Cemiyetken toplum derekesine düştük tepetaklak… Zaruret şalına dolayıp gözlerimizi bağladılar. Yitirmenin içinde, yitirmemiş taklidi yaparak inceden inceye gömüldük sığlıklara… Bu kadar aşındırılışın acı bir neticesi olarak vefasızlık işledi iliklerimize kadar… Vefasız bir toplumuz biz…
    Şehirlerimize bir nazar edin… Vefanın mezar taşı hüviyetinde dikilmiş bloklar haykıracak… Kapalı devre yaşanan hayatlarımızın birbirine hiç değmediği bir devir… İnsanlığımızı laftan ibaret bırakan bir vefasızlık, her gün aynada gözümüze çarpmıyorsa… Vefadan öte vicdan yoksulu da olduğumuzu söylesek eksik mi kalır? Beton beton yükselen bir yalnızlığın kucağında vefa ne gezer? Ecdadın şehir perspektifini, yoz bir akılla kent bataklığına sürüklemiş olmamız… Azar azar kendimizden sıyrılışımızdan değilse nedir?

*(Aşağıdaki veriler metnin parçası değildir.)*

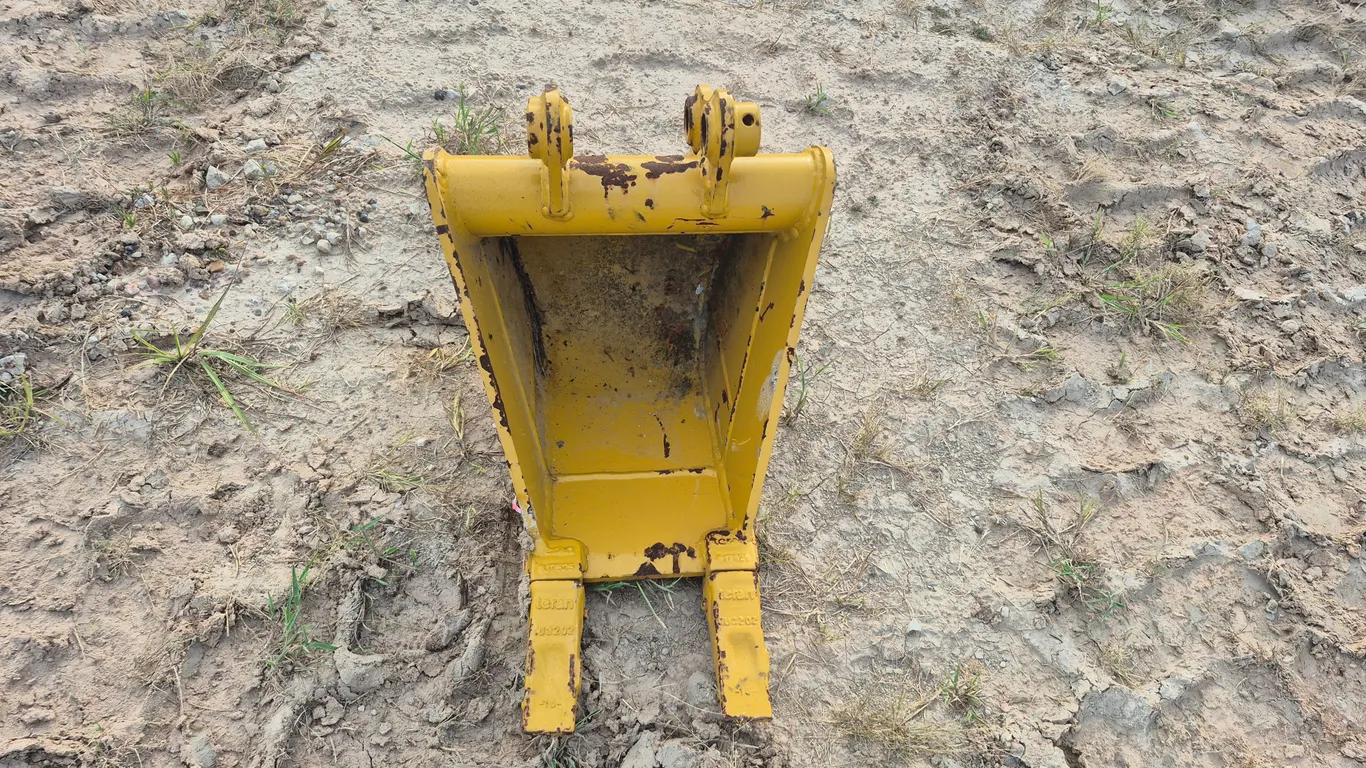 CAT 16 IN. TRAPEZOID BUCKET TO FIT 301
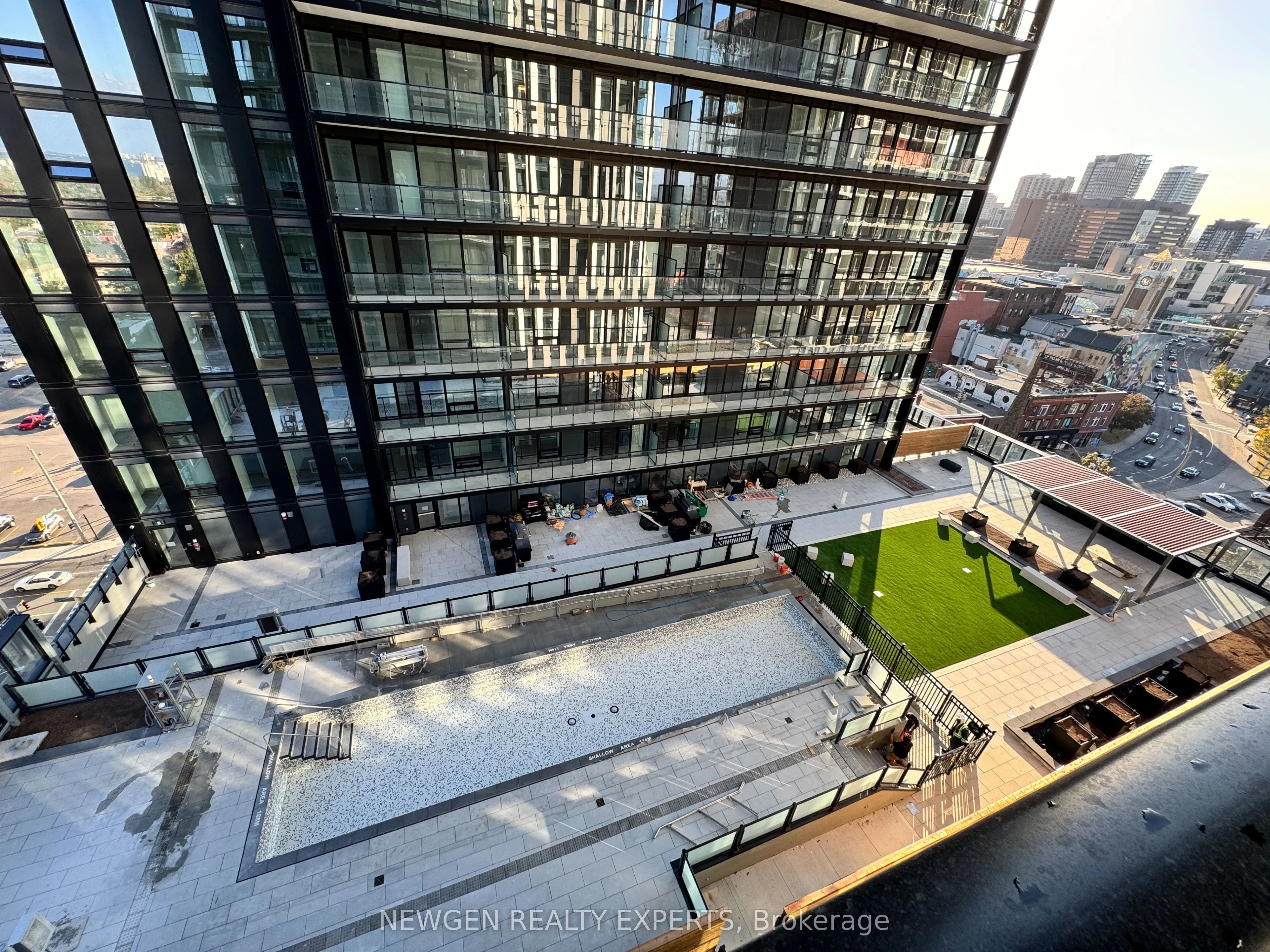 101 John Street N #1415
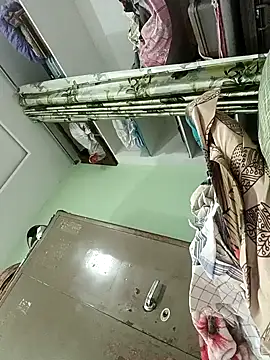 Snapshot of PVNRAO0831 chatting on October 29, 5:47 pm PVNRAO0831 online show from October 29, 5:47 pm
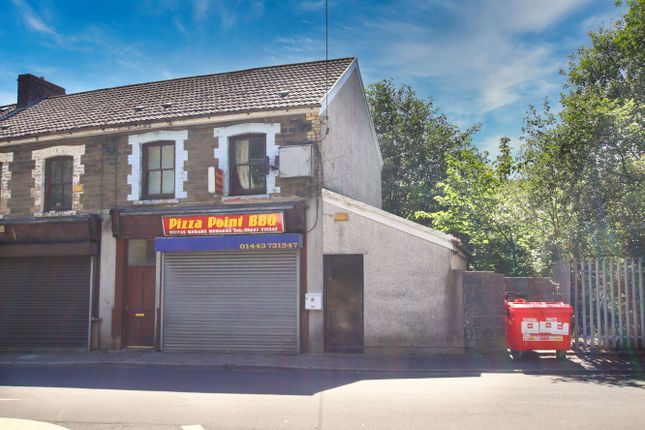 1 bed property, in Commercial Street, £169,500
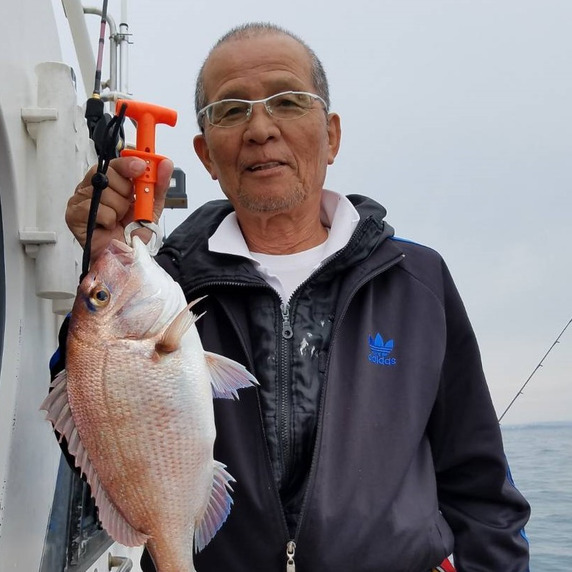 柴田弥生(まる弥の魚卓)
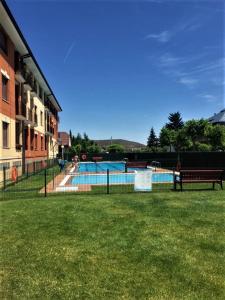 Bazén v ubytování VILLA CARMEN coqueto apartamento con piscina y garaje by Apartamentos Logrono nebo v jeho okolí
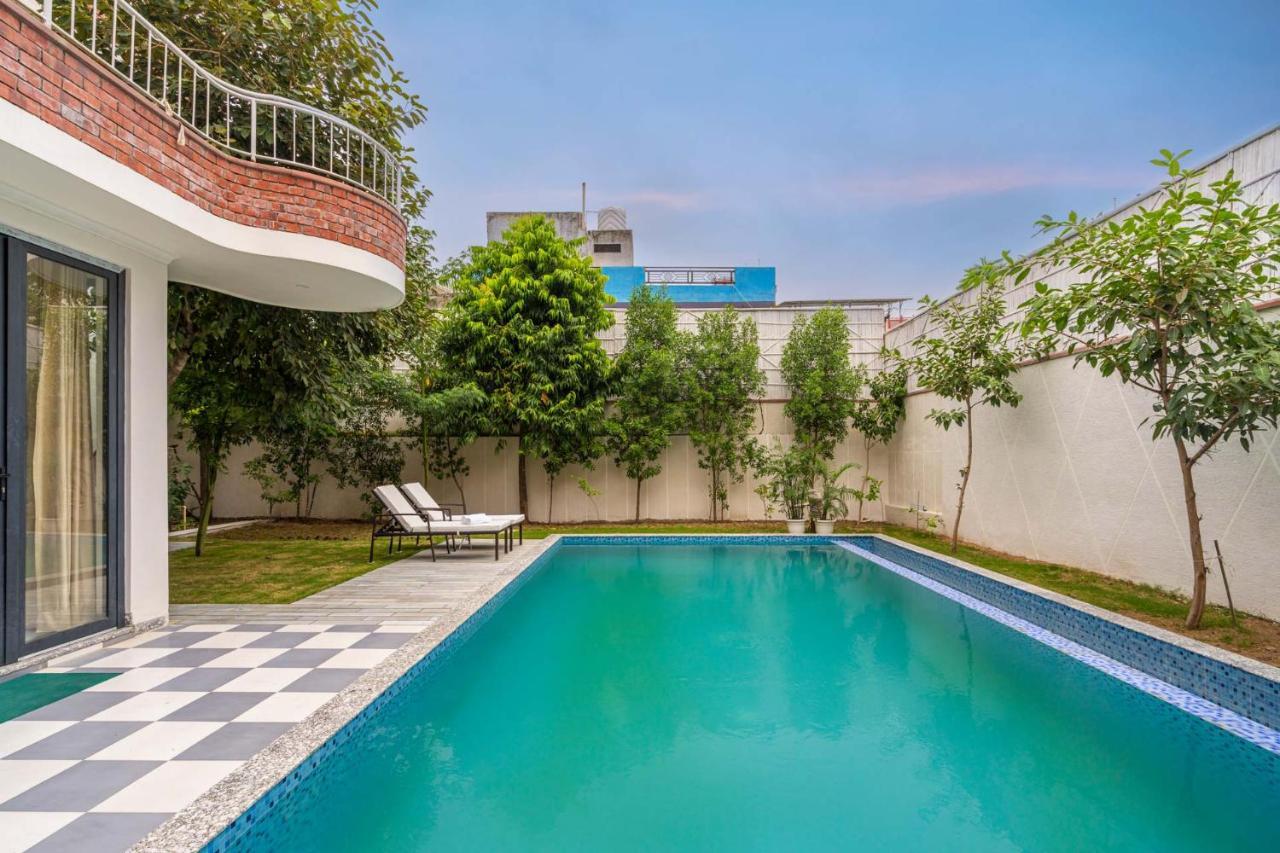 Stayvista's The Tree House - City-center With Outdoor Pool, Spacious Balconies & Vast Lawn *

    Kendimizden sıyrıldık da… Bunu bir koyunun derisinin yüzülmesi gibi de tahayyül edebiliriz. Aldığımız her bıçak darbesinde gıkımız çıkmadan teslim olduk bu yabancılaştırılışa… En fazlasından ya sitemkâr makamlarda bir inledik… Kabullenişlerimize mazeretler üretmekteki hünerimiz ise dillere destan… Omurgasızlaştığımız için de vefasızız biz… -izmler metoduyla tez-antitez-sentez derken ortaya karışık bir şey oluverdik… Ne dostluk kaldı. Ne aile bağları… Ne de erdem yüklü tarz-ı hareket… Özüne hürmeti yitirmenin –de hali değil mi vefasızlık? Hâlbuki yalın, olduğu gibi, fıtratının gereğini icra eden bir gönül medeniyetinin vefakâr insanları değil miydik?  Önce akıl sonra gönül vurdu karaya… İntihar eden balina sürüleri gibiyiz… 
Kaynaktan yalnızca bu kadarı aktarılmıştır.